2018 IARS Mentored Research Award

Karim Ladha, MD
Assistant Professor, Anesthesia, University of Toronto

Dr. Ladha’s Research

Peri-Operative Wearables in Elder Recovery after Surgery (POWERS) Trial

As surgical populations become older and frailer there is an urgent need to re-evaluate how patients, clinicians, researchers and administrators determine preoperative risk and assess optimal recovery after surgery. Personal wearable activity monitors are now readily available and present an important opportunity to improve perioperative care by providing a cost-effective, non-invasive means to risk stratify patients preoperatively and develop new measures of recovery/disability after surgery. Our proposal is to conduct the Peri-Operative Wearables in Elder Recovery after Surgery (POWERS) trial which will be a single arm prospective multi-center cohort study to evaluate the performance of activity monitors as measures of preoperative risk and postoperative recovery of function. The study will enroll two hundred patients who are over the age of 65 and scheduled to undergo elective major non-cardiac surgery with an anticipated length of stay of greater than two days. Each patient will receive an activity monitor for a minimum of one week prior to surgery with the goal of wearing the monitor throughout the postoperative period until ninety days after the operation. Postoperatively, all patients will complete standardized questionnaires at 7, 30 and 90 days to assess disability, quality of life and pain interference. Using advanced statistical techniques, we will define trajectories of activity and sleep in the perioperative period and their associations with postoperative disability and recovery.

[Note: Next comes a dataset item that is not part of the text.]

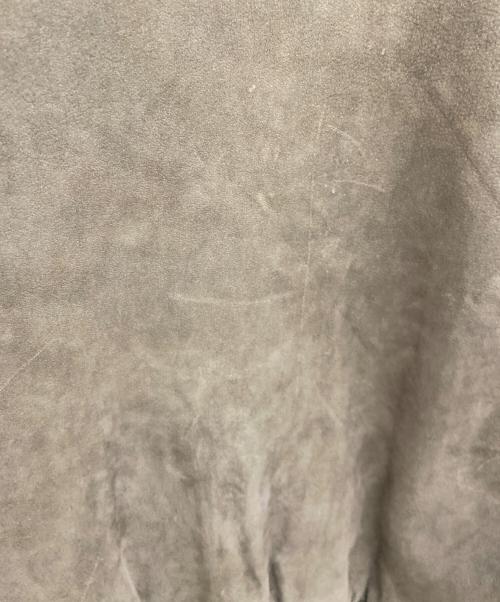 CHEVIGNON（シェビニオン）CHEVIGNON (シェビニオン) GENUINE LEATHER ブラウン サイズ:Ｌの古着・服飾アイテム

Encourage, stimulate, and fund ongoing anesthesia-related research projects that will enhance and advance the specialty, and to disseminate current, state-of-the-art, basic and clinical research data in all areas of clinical anesthesia, including perioperative medicine, critical care, and pain management. The IARS is focused solely on the advancement and support of education and scientific research related to anesthesiology.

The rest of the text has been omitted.